In general, addition of polymers and especially those belonging to Group I that rely on water absorption, will lower the water activity and impose a larger gradient in water activity over the mucosa. This means that in addition to prolonging retention time, the formulation may also induce a mucosal response, as dehydration can affect the structure and barrier properties in contra-productive ways. The intriguing question is whether a topically applied formulation with low water activity, that favors mucoadhesion, would also induce a mucosal response detrimental to drug absorption.

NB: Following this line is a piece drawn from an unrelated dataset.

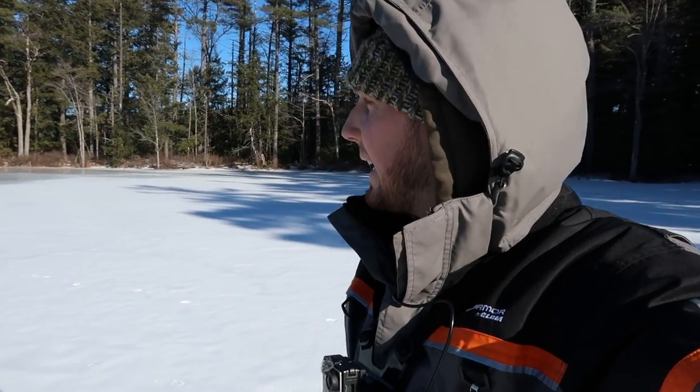Hey guys, I'm just picking up — just pitched a spot here and I'm moving to a new spot. I figured I'd show you guys this while I'm in between spots. It's super windy out so I apologize if the audio is not that great.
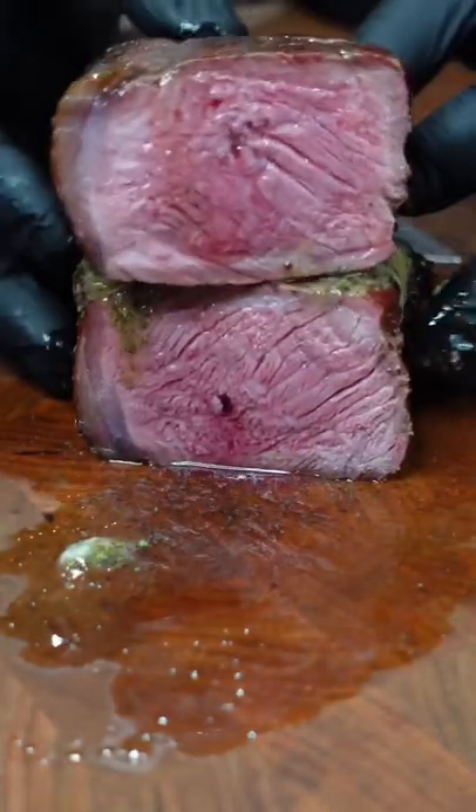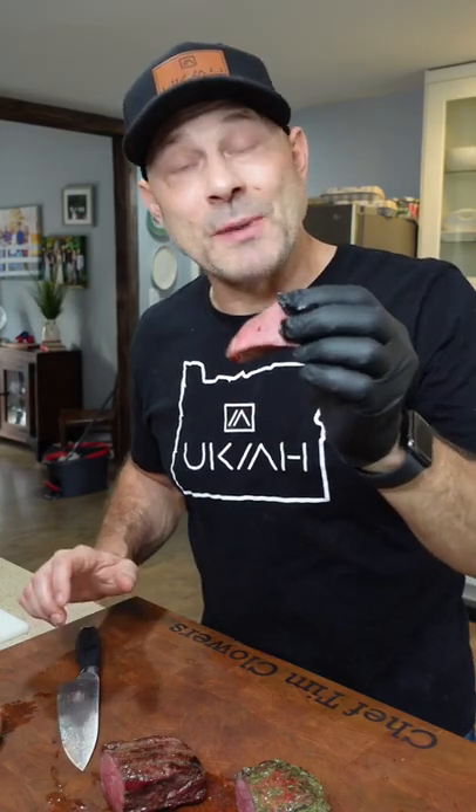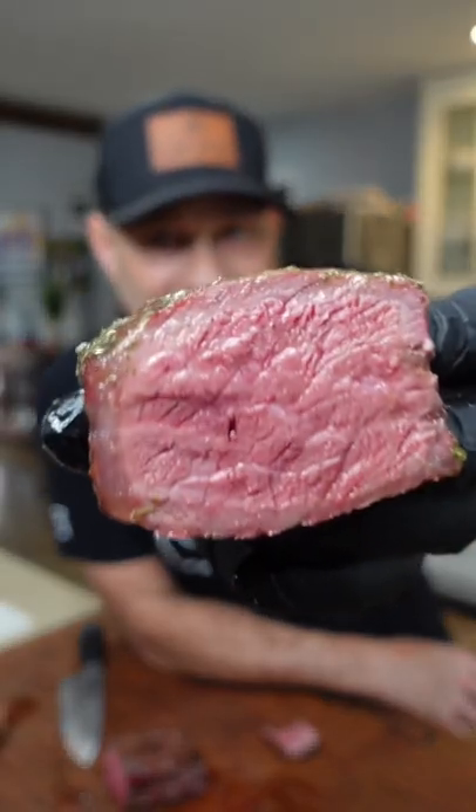There's nothing more satisfying than knowing you cooked your steak perfectly. This is a bison New York strip — you guys gotta try this bison strip. I would hands down almost say that's the best steak I've ever had in my entire life.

The term 'water activity' describes the equilibrium amount of water available for hydration of materials. When water interacts with solutes and surfaces, it is unavailable for other hydration interactions. A water activity value of unity indicates pure water whereas zero indicates the total absence of 'free' water molecules; addition of solutes always lowers the water activity. Water activity reflects a combination of water-solute and water-surface interactions plus capillary forces. The nature of a hydrocolloid or protein polymer network can thus affect the water activity, cross-linking reducing the activity. Control of water activity (rather than water content) is very important as low water activity causes large changes in textural characteristics. The activity coefficient is an equilibrium property and most materials during preparation and/or processing will not be at equilibrium and so their properties may diverge from those expected from their activity coefficients.

Mucoadhesion is often achieved by water sorption into the product, while research on skin barrier response has shown a general decrease in drug permeability on increasing the gradient in water activity. A similar effect has been seen in preliminary results on oral mucosa and it is thereby not farfetched to expect the same behavior from nasal mucosa. If so, this would be a general effect relevant to any formulation applied topically, that should be measured or calculated in advance to anticipate the potential detrimental effects on mucosal absorption prior to in vivo tests, and therefore highly relevant in formulation development. Nasal mucoadhesives have been extensively investigated for the delivery of small organic molecules, antibiotics, proteins, vaccines and DNA and with many new classes of functionalized mucoadhesive polymers round the corner, the characterization and safety aspects of nasal drug products should be ensured.